Sterling Crispin


Sterling Crispin

Work from his Greek New Media Shit featuring the work of Michael Manning, Mario Zoots, Sasha Kurmaz, and Ary.

“A headless statue of winged Nike, black pixels swarming above her stumped neck. A collage of ancient, sand-colored busts and patterns drawn with a Sharpie. A Michelangelo’s Pieta coated in blue-streaked purple sludge. These are some of images you will find on Sterling Crispin’s Tumblr, “Greek New Media Shit.” As I write this, the most recent post is a looped animation by Jennifer Chan. Two Hellenistic statues remain static in the foreground as a violet blob belches out a browser frame. Flat green letters brand it “recipe art.” Chan, apparently, thinks mixing classical references with internet imagery is formulaic. The opinion is somewhat sympathetic to Crispin, who told me in an email that his blog “started as a criticism of a cliché that I identified and has started self-perpetuating.” But Crispin added that since he started the Tumblr he has become more curious about the reasons behind the formula’s appeal. No recipe passes through so many hands without being good.
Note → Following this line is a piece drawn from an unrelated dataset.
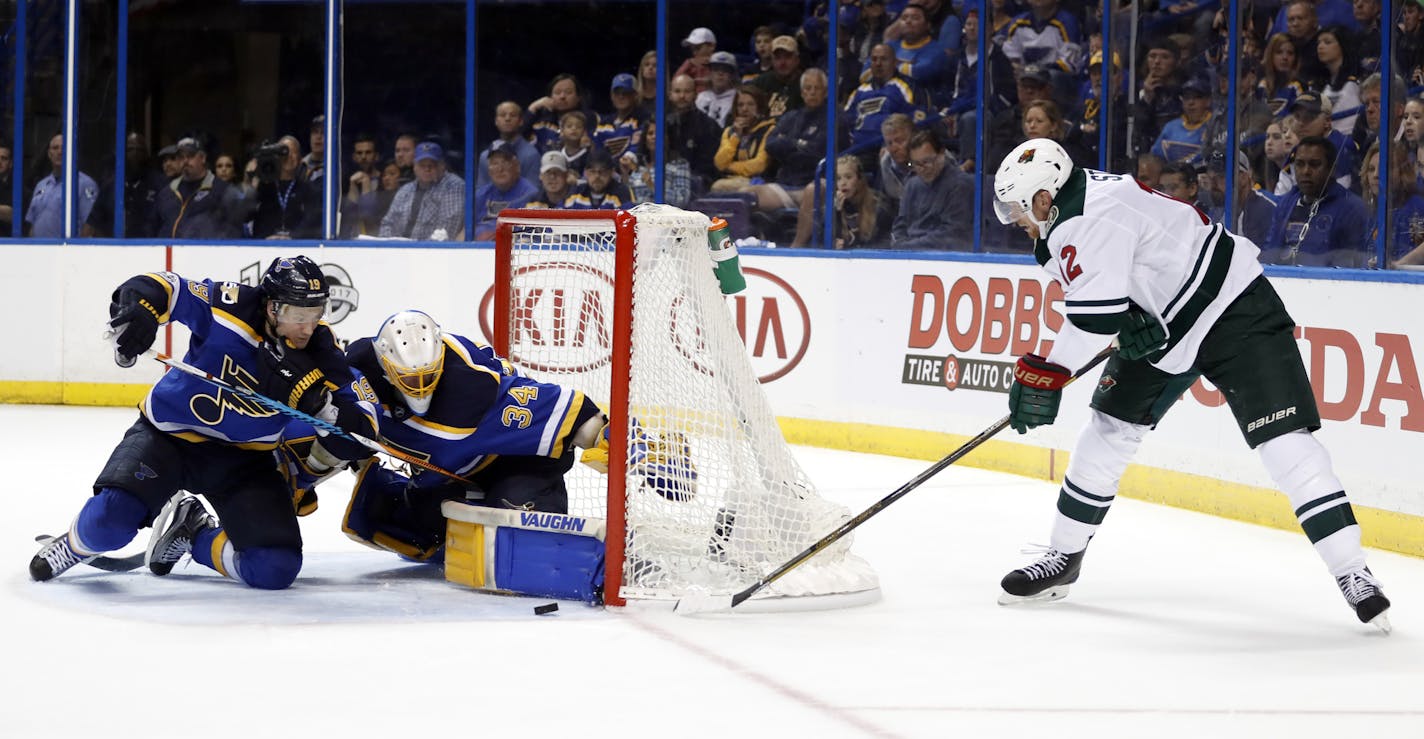 Minnesota Wild's Eric Staal, right, is unable to score past St. Louis Blues goalie Jake Allen and Jay Bouwmeester, left, during the third period in Game 3 of an NHL hockey first-round playoff series Sunday, April 16, 2017, in St. Louis. The Blues won 3-1. (AP Photo/Jeff Roberson)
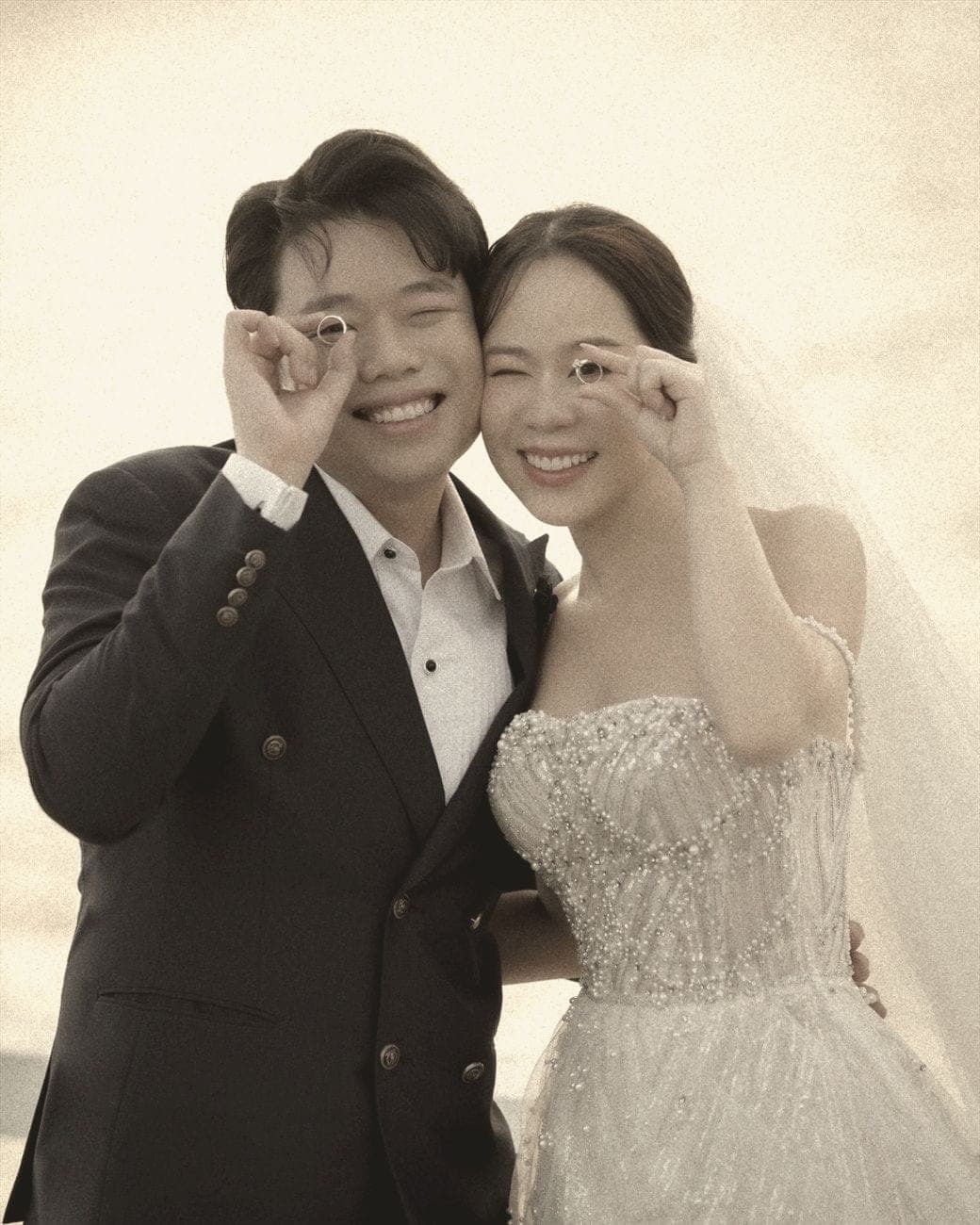 Witita and Sorratat holding their wedding rings up to one eye, by the sea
To me it tastes like a desire to locate man’s place in a world that he perceives primarily with the aid of machines. The art of the Greeks has been used in the past as a touchstone for artists who measure their own vision against an anthropocentric one. “Greek art had a purely human conception of beauty,” Apollinaire wrote in an essay about a 1912 exhibition of Cubist painting. “It took man as the measure of perfection. The art of the new painters takes the infinite universe as its ideal, and it is to the fourth dimension alone that we owe this new measure of perfection […].” The modernists never determined what the “fourth dimension” was, besides a plane of activity beyond human perception. Today the internet—and the spatial and perceptual relations it has engendered—make a familiar substitute for it. “Greek new media shit” puts representations of the visible and the invisible in the same frame…” – Brian Driotcour for Rhizome.